Generally, you wouldn't write to the same log file. Prepending/Appending the instance name to the file would be enough to make it unique.


It wouldn't. NFS is not fully POSIX compliant, largely due to not being cache coherent. In particular, O_APPEND is not supported.


Isn't the whole point of AWS that you can blame AWS engineers for downtime instead of your own (in this case) code deployment thingy?


I'm not sure if you're being sarcastic or not, but no, it isn't. It's to provide building blocks for infrastructure. Down time is still on you. Only a lazy engineer blames their tools for their failures.


    > Down time is still on you
If you can say "It's not our fault, it's Amazon's", there are plenty of boards and customers who are fine with that, in my experience.


Yep. "Nobody ever got fired for buying IBM" applies here.


Not sarcastic: aws is not a tool, it's a service. You're exchanging dollars for SLA. The SLA is built in: you're sometimes (rarely) down, and someone else gets called about it.


Your customers will blame you: you don't want it to happen.
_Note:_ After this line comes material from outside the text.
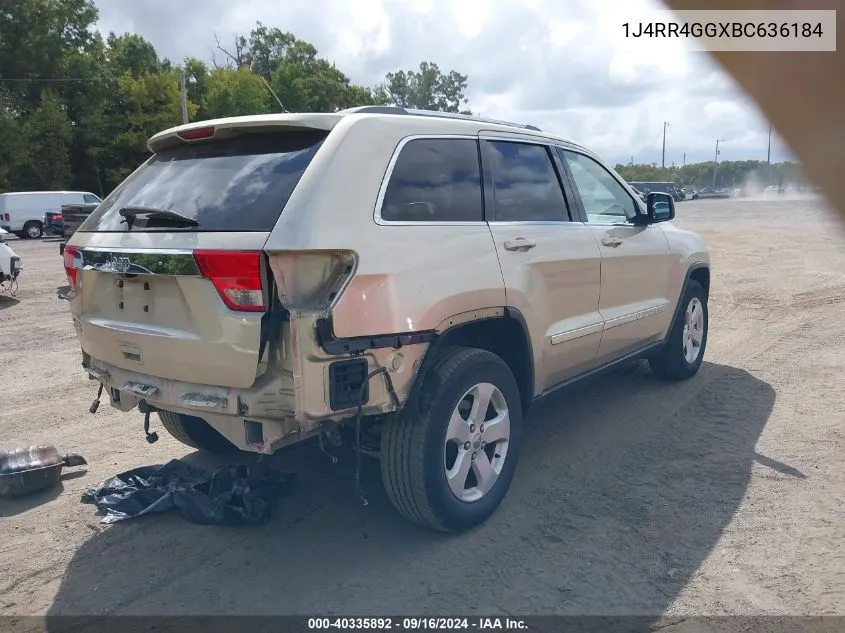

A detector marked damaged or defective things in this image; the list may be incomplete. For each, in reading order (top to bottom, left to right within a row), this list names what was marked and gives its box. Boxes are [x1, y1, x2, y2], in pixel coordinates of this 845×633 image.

Even if amazon pay you some damage you may lose trust or your whole business in the meantime.


With a major AWS outage, customers will think "the Internet is having trouble today." Half the sites they visit will be down or broken in some way.
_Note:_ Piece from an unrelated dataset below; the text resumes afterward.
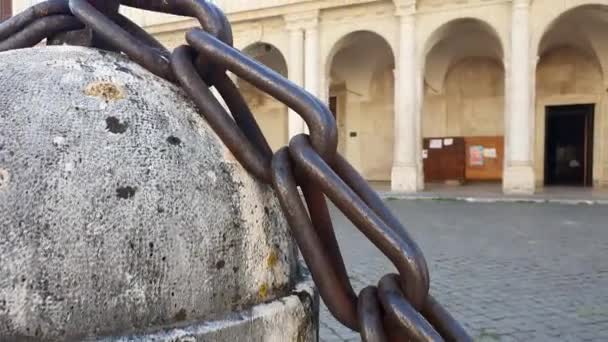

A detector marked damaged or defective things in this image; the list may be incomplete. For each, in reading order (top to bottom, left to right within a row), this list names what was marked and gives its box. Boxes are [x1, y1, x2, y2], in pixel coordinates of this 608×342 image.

rusty iron chain [0, 1, 472, 340]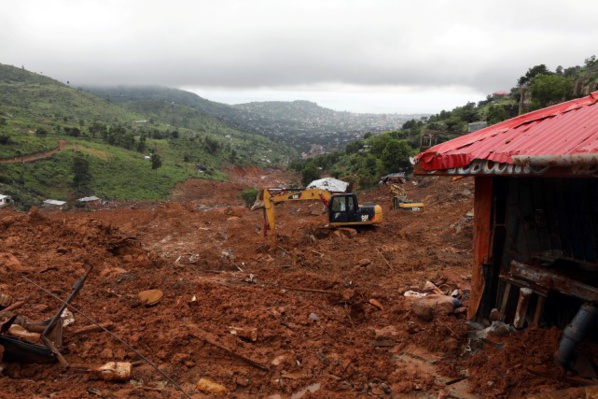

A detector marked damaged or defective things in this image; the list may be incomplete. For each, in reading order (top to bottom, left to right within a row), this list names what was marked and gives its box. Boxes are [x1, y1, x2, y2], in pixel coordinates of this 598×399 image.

damaged house [418, 92, 598, 374]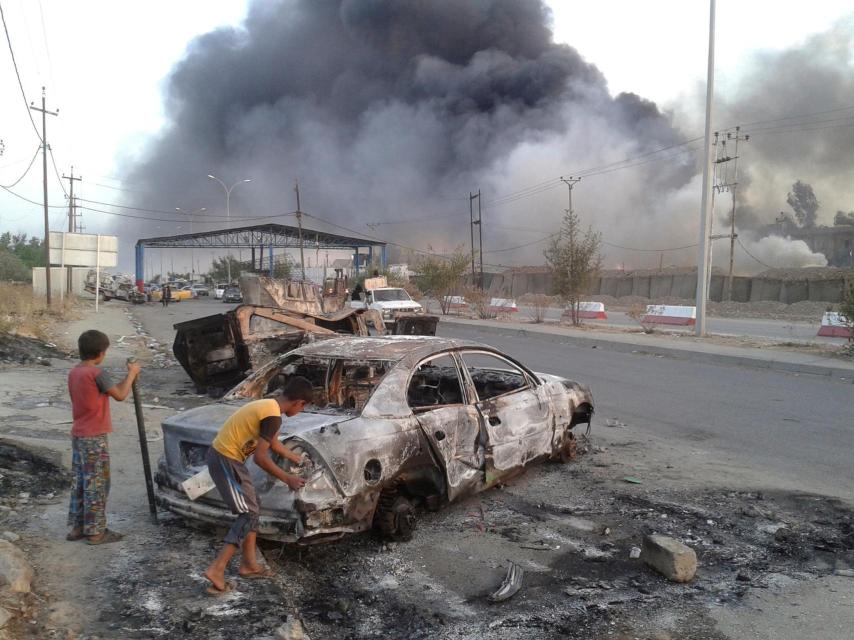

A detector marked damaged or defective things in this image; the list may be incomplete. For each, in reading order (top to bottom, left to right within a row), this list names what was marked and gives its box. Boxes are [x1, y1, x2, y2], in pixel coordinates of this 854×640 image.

I think this perspective really depends on who you are supporting. This is my experience:

1) Actual customers: They want you to fix it. They don't care who's fault it is, they are dependent on you.
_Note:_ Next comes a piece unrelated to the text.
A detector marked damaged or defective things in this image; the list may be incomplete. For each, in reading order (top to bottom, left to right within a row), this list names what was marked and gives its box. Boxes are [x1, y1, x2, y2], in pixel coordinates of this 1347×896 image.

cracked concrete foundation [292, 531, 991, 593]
2) Internal customers: They want someone to blame. They don't really care that it's down, they just want to point the finger at someone when their report goes out late.


"Down time is still on you" - well put. And it is actually great when you can only blame yourself because then you can fix the issue right away. If someone other is to blame, you need to a) convince that person that there is a problem and b) wait for the issue to rise to the top of their queue. Which can be painful.


But in the case of Amazon they will likely know about the problem before you would have anyway. Sure, their problems tend to have a much larger scale, but their ops teams are pretty good.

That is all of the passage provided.